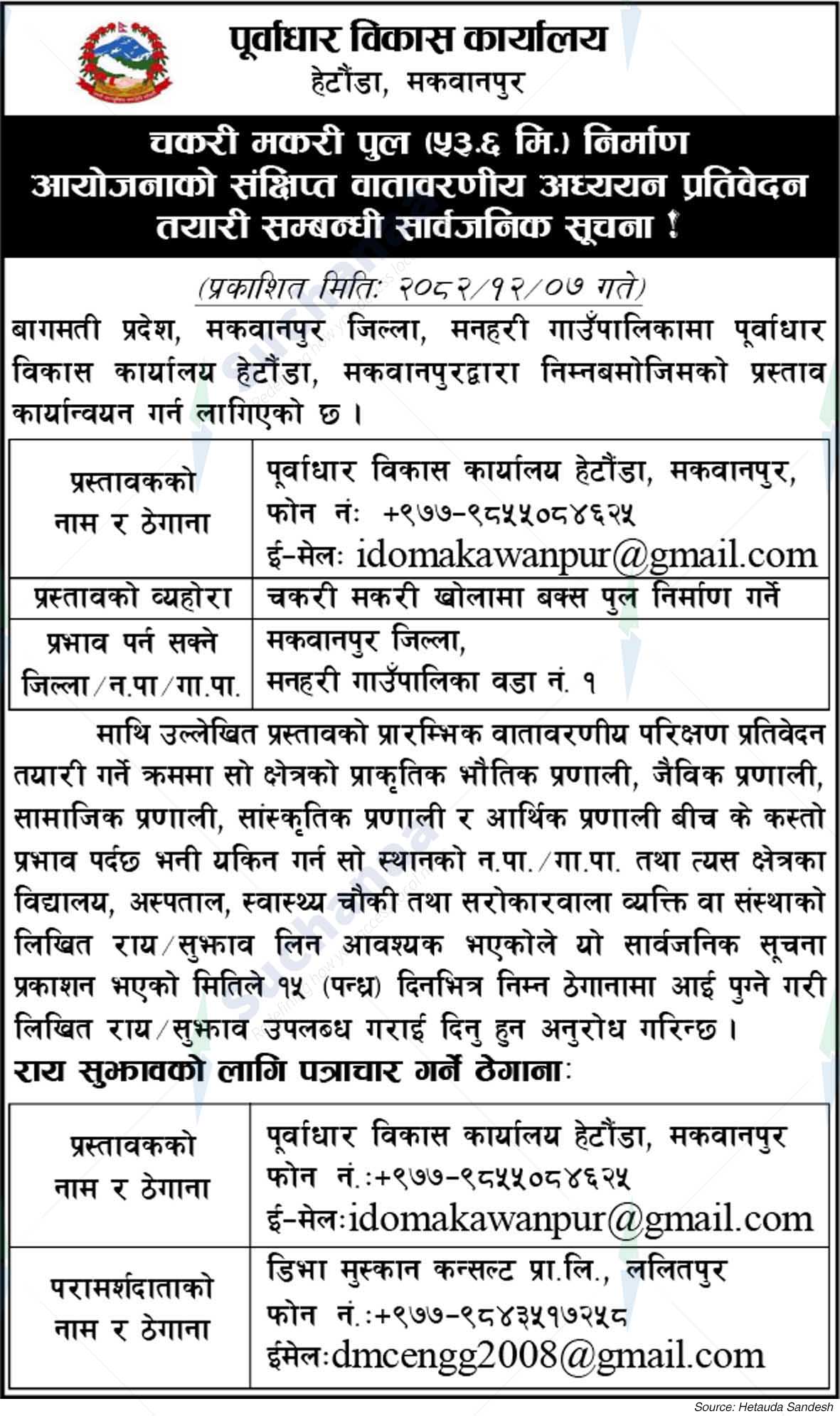 Infrastructure Development Office Hetauda, ​​Makawanpur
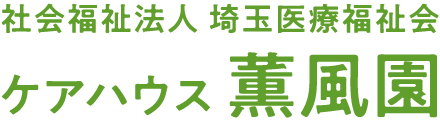 社会福祉法人 埼玉医療福祉会 ケアハウス 薫風園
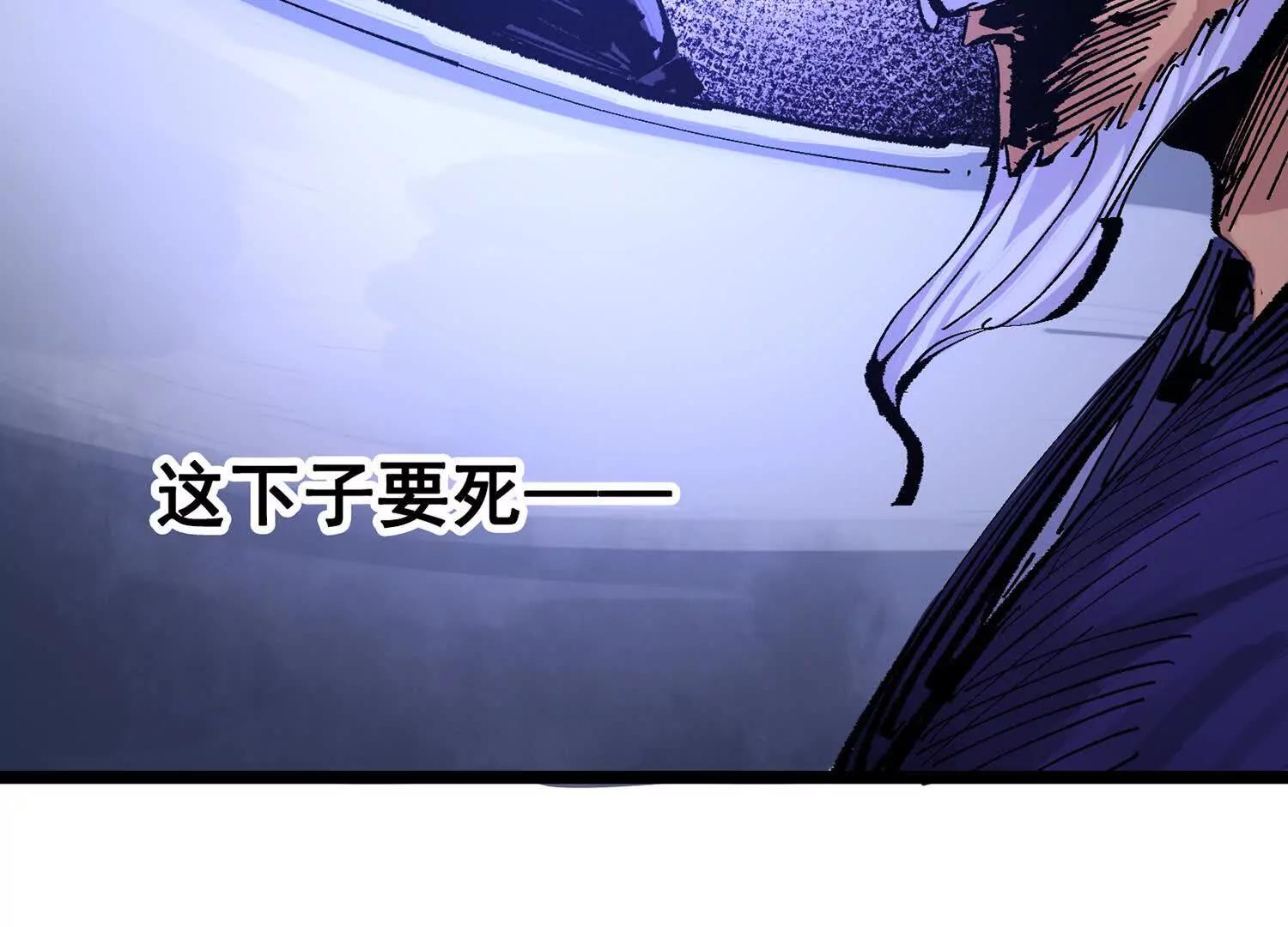 第三部 7章8话 疯狂的乱世(1/7)-第247话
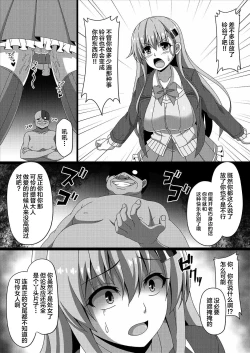Page 11 of Kantai Akuochi Keikaku 3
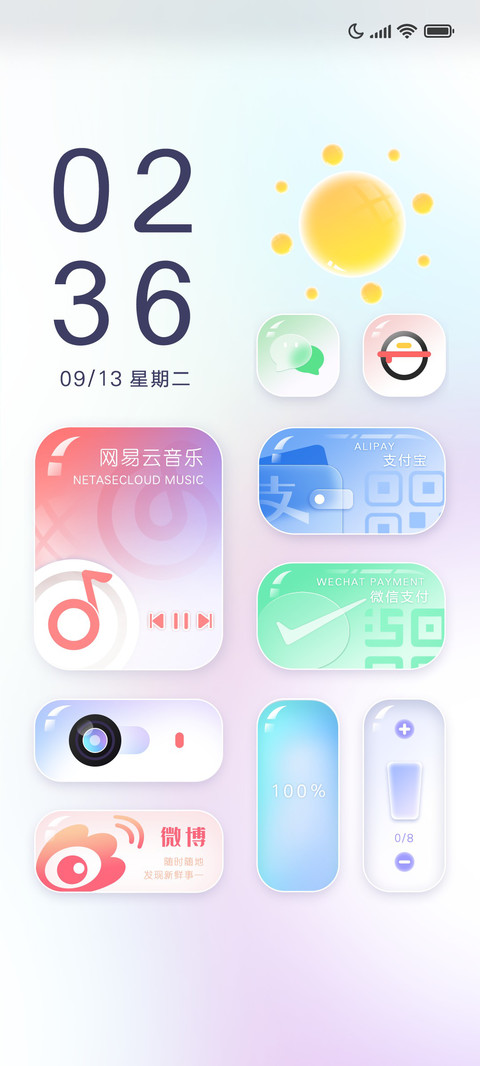 糖豆彩色风 screenshot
══════════════════════════════
Go through the material above and retype every line exactly, without the images.

--- EXPECTED ANSWER ---
 Infrastructure Development Office Hetauda, ​​Makawanpur
 社会福祉法人 埼玉医療福祉会 ケアハウス 薫風園
 第三部 7章8话 疯狂的乱世(1/7)-第247话
Page 11 of Kantai Akuochi Keikaku 3
 糖豆彩色风 screenshot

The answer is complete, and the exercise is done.